Work required: Up to and including the line holding "Putin: RUSIA este", write out the data exactly from its first line, but not the pictures.

Source records:
__________________________________________________

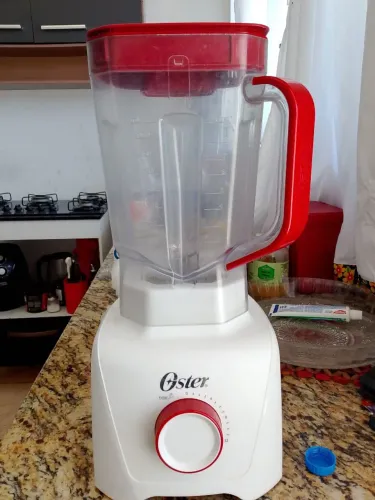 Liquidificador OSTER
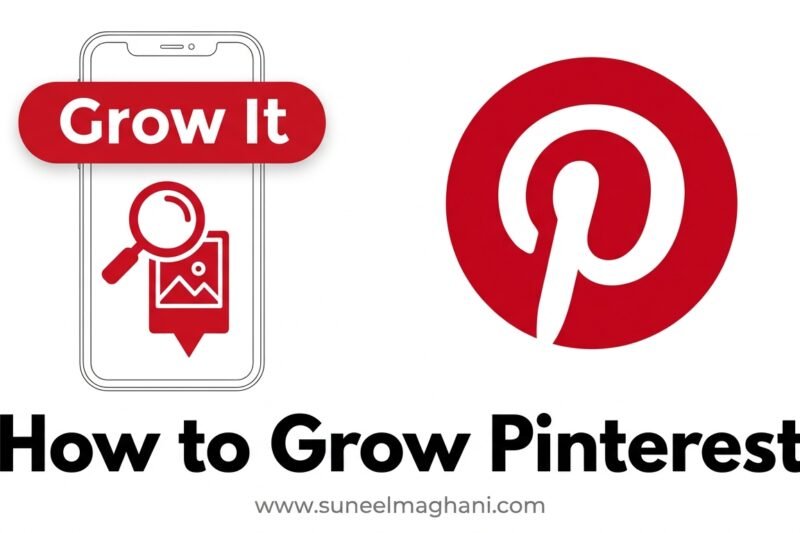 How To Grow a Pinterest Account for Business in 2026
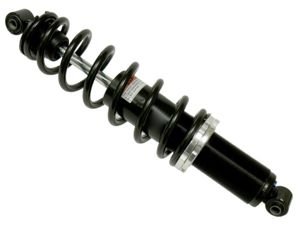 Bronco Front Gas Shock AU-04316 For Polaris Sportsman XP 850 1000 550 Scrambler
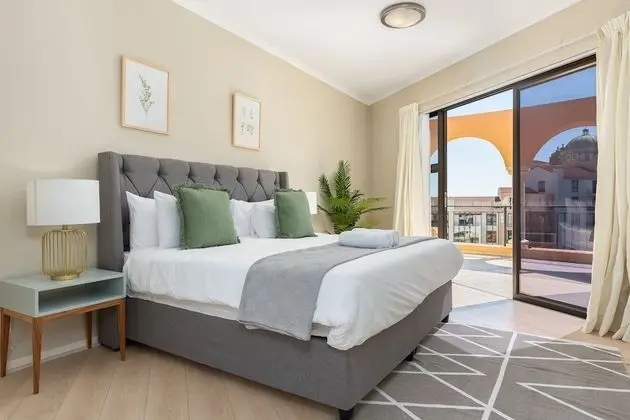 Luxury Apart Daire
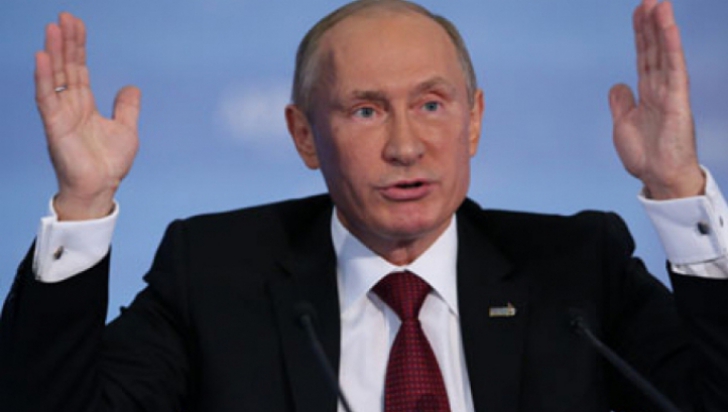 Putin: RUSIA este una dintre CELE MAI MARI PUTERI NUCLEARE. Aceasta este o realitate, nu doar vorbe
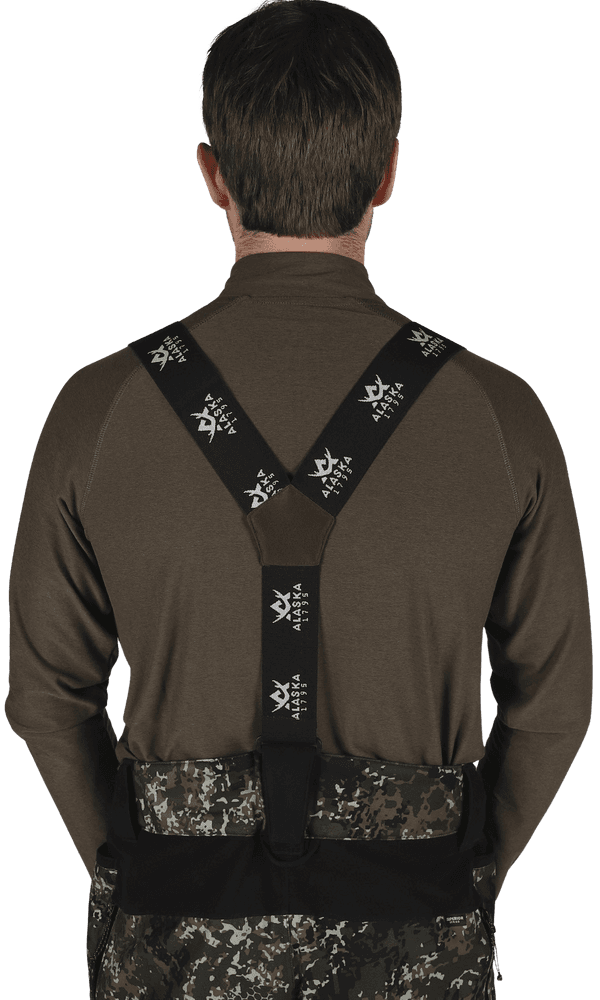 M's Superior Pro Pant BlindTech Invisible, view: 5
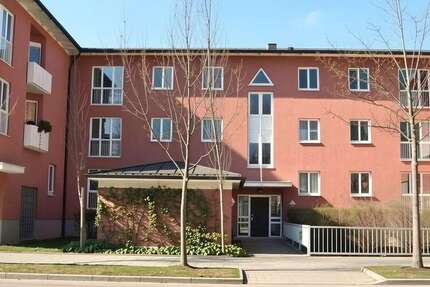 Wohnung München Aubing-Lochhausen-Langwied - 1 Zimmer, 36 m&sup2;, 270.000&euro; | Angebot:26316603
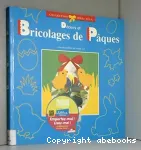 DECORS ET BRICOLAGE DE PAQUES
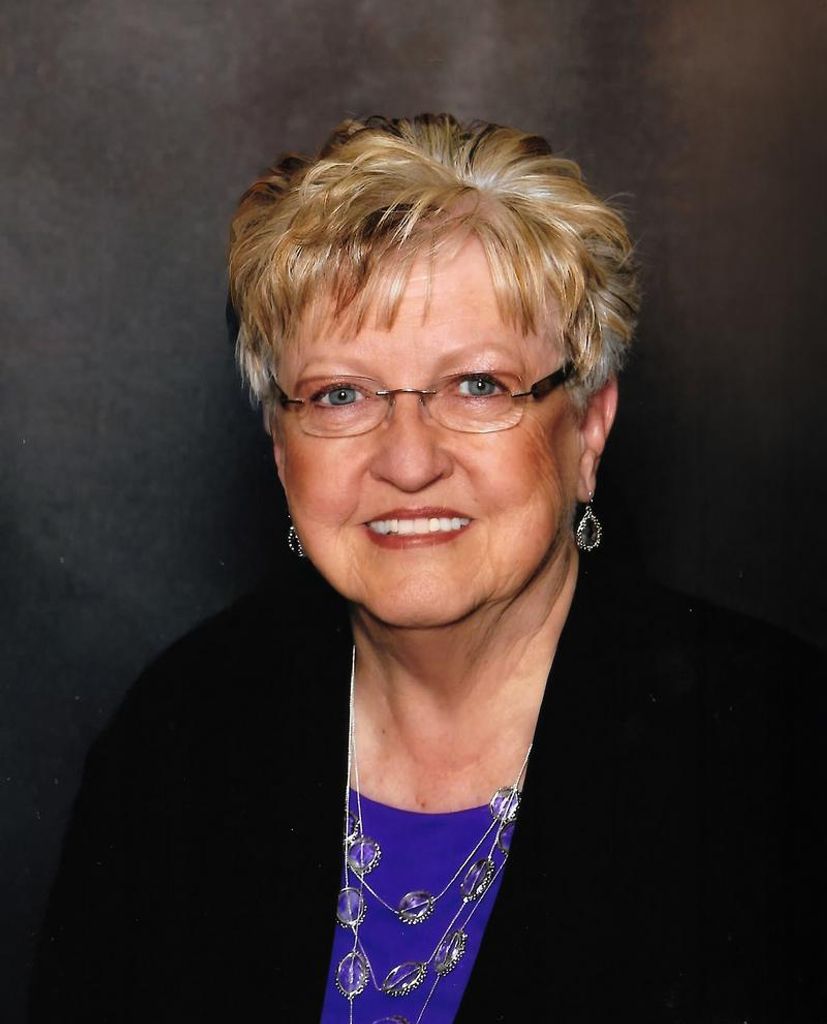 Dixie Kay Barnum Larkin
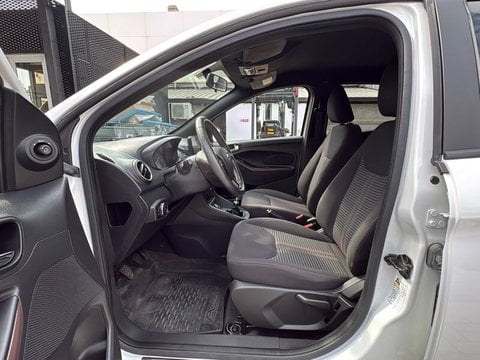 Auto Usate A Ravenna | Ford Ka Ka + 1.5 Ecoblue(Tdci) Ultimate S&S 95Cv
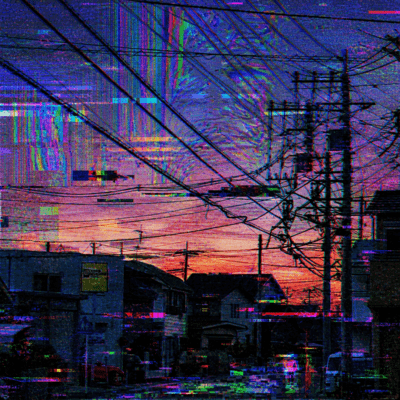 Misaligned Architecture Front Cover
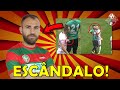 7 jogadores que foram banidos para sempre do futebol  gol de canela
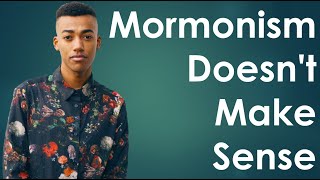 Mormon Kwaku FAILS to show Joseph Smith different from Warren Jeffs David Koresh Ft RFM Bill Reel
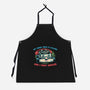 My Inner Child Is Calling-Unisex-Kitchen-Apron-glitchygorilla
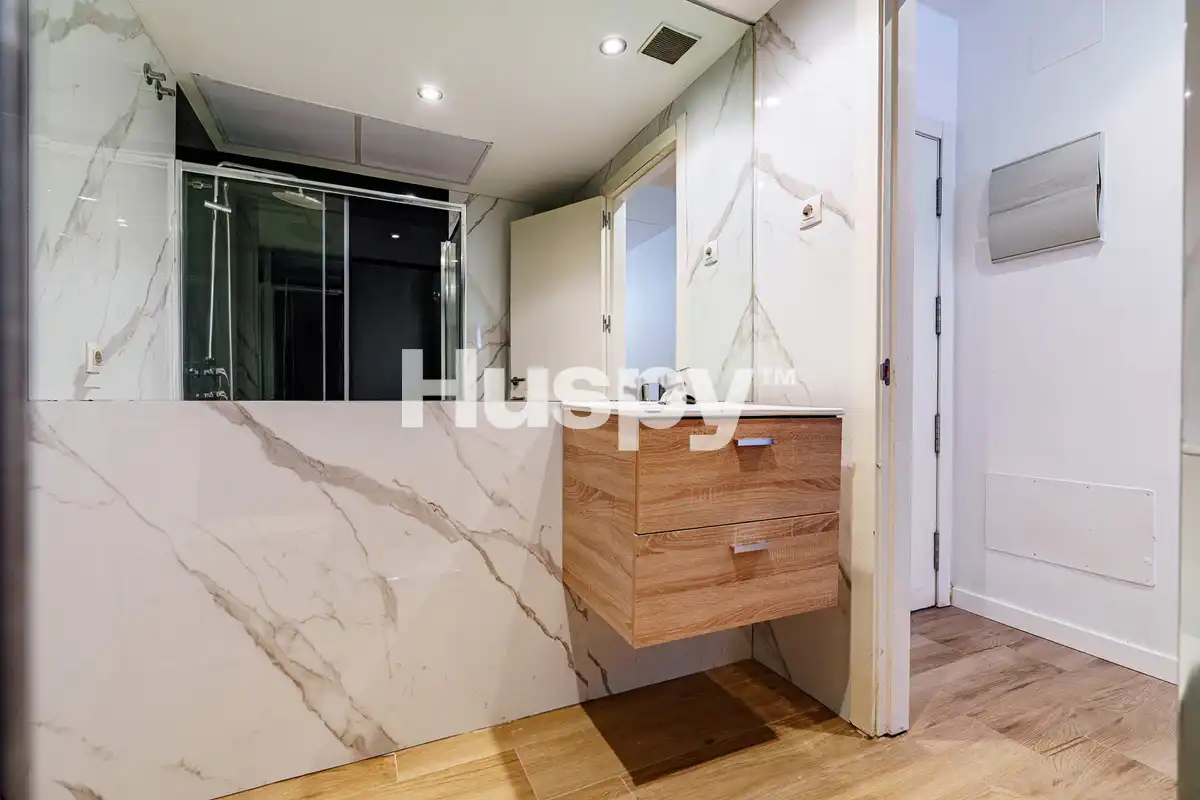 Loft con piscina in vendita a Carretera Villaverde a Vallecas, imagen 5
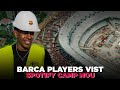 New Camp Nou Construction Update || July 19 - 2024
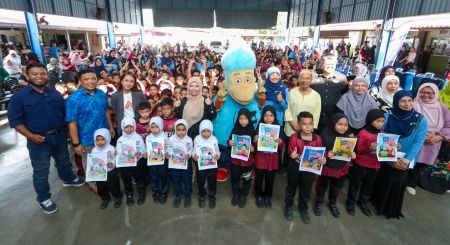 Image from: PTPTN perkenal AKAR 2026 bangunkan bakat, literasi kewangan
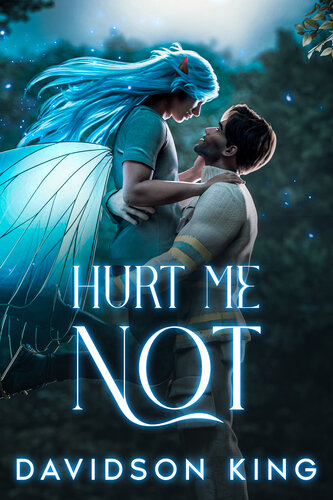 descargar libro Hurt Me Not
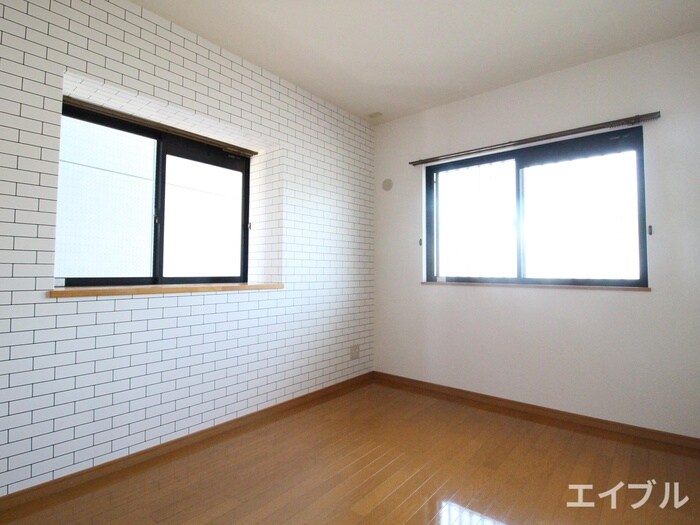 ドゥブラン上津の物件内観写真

__________________________________________________

Task output:
 Liquidificador OSTER
 How To Grow a Pinterest Account for Business in 2026
 Bronco Front Gas Shock AU-04316 For Polaris Sportsman XP 850 1000 550 Scrambler
 Luxury Apart Daire
 Putin: RUSIA este una dintre CELE MAI MARI PUTERI NUCLEARE. Aceasta este o realitate, nu doar vorbe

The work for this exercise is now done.